Thursday, October 23, 2003

In the 1943 West Virginia Board of Education v. Barnette, the United States Supreme Court handed down its most eloquent defense of free speech. Voting with the majority, Justice Robert Jackson wrote, "If there is any fixed star in our constitutional constellation, it is that no official, high or petty, can prescribe what shall be orthodox in politics, nationalism, religion, or other matters of opinion or force citizens to confess by word or act their faith."

Sixty years later these words do not ring true on college campuses, and the administrative networks have become a "disaster for education and for liberty," says Harvey Silverglate, a lawyer and the co-founder of the Foundation for Individual Rights in Education. Administrators have adopted speech codes which force a worldview upon students: "[ College administrators] have decided there is one way of looking at life and one way of making sure everyone gets along.'such speech codes prove worse than forms of censorship—which simply prohibit the dissemination of ideas—because tantamount to speech codes is the notion that, "You shall believe, and you shall say what I tell you to believe and what I tell you to say." Campus administrators often create speech codes in the name of "community values" in essence, in the name of a false morality. To fight against speech codes "is to understand that when you're fighting for liberty you're not fighting for the correctness of what is being said."

Silverglate spoke in Dartmouth Hall and later attended a dinner and discussion with students in Rockefeller Center on October 7. While the topic of discussion was "Free Speech on College Campuses: Before and After September 11," Silverglate described the abuse of freedom of speech on campuses as a problem that predated the 2001 terrorist attack. Since the Eighties, college administrators have waged war on free speech "in the name of making campuses more welcoming to students," Silverglate told the audience. The stifling of speech is not without precedent in this country and Silverglate feels that, after two decades, the era of speech codes in its current incarnation is slowly coming to an end. Following his dinner discussion The Dartmouth Review spoke with Silverglate.

The Dartmouth Review: What would you say is the cause of what is frequently called the "double standard" in terms of freedom of speech?

Harvey Silverglate: The cause of the double standard is really as old as humankind itself. People in power like to reward and make nice to people who do as they say and make life miserable for people who disagree and dissent. And that's the cause of the double standard. They like you to think the double standard, assuming they agree it is a double standard, is based upon the fact that they approve of things which are good and moral, and they disapprove of things that are evil and immoral. But, in fact, their standard is usually much more personal. They reward the people who make their lives easier by agreeing with them.

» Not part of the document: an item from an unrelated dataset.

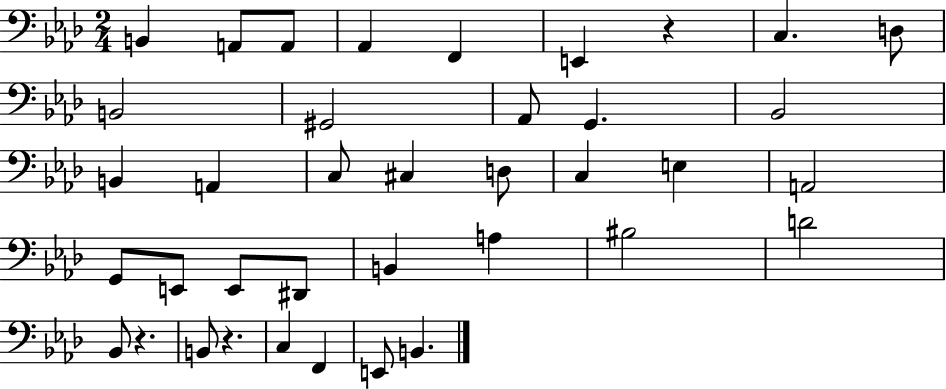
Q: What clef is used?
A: bass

TDR: Campus administrators often conflate "ideas" and "action?" in their justification of enforcing speech codes. How would you describe this confusion?

HS: That's intentional. You read these speech codes and you read the letters from administrators and you see that they talk about things like "speech acts." [Administrators] in the same paragraph will talk about saying terrible things and doing terrible things when all they are really talking about is speech. it's an attempt a la Orwell. it's an attempt to redefine reality by redefining the English language, by abusing the English language.

TDR: Would some of that come from the education of some administrators? The education they received, say, if they went to school in the Sixties, from a certain school of thought.

HS: Actually, I think it comes from the fact that so many administrators are badly educated and quite ignorant. And others—I think it's more knowing and intentional and cynical. But an awful lot of administrators—remember they're not coming from the faculty and taking administrative jobs for a few years and going back to teaching. They are professional administrators and they should be working in corporations. They should not be working in higher education.

TDR: You used the analogy of a pendulum in your talk—a balance of uses and abuses of free speech throughout history. When will the pendulum swing on college campuses?

HS: First of all, I think that we are now seeing the beginning of the end of the tyranny of the politically correct on campuses. And that's because they have become the butt of interest and mocking by the mainstream news media. Alumni are beginning to get worried about it. it's affecting [colleges'] finances. I think that the game is close to being over and they're in retreat. [College administrators] will not publicly admit to what they're doing and that's a huge problem for them because it means that as soon as you publicize it means you have to pull back. [The] Dartmouth administration has been a bit more stubborn than most, but gradually we're getting them too.

TDR: For some time now, the Dartmouth administration has attempted to prohibit door-to-door distribution of the Review. Recently, they have started to threaten the student who delivers. Would this constitute a speech code?

HS: I can tell you this. The devices by which censors exercise censorship are as varied as the human imagination. And censors have been coming up with devices for censoring for eons and [with] device[s] of inhibiting delivery based upon knowledge that certain publications you disagree with deliver one way rather than another. For example, at the Civil Liberties Union we have had battles for decades on the banning of street newspaper boxes and all it means is no newspaper is allowed to use the street distribution box. The problem is that the newspapers that do use street distribution boxes—that those without the money for trucks, armies of trucks, that deliver. You're not inhibiting the major dailies. You're inhibiting the small, political, politically-oriented, alternative newspapers from publishing basically. Because if you can't distribute, there is no sense publishing. So these methods are not applied uniformly and even-handedly; they're chosen with certain targets in mind. And I have no doubt that here this rule about distributing to the dorms is targeted at The Dartmouth Review. it's the latest in a long series of ill-advised, ill-considered, immoral, unethical assaults on freedom of speech on this campus.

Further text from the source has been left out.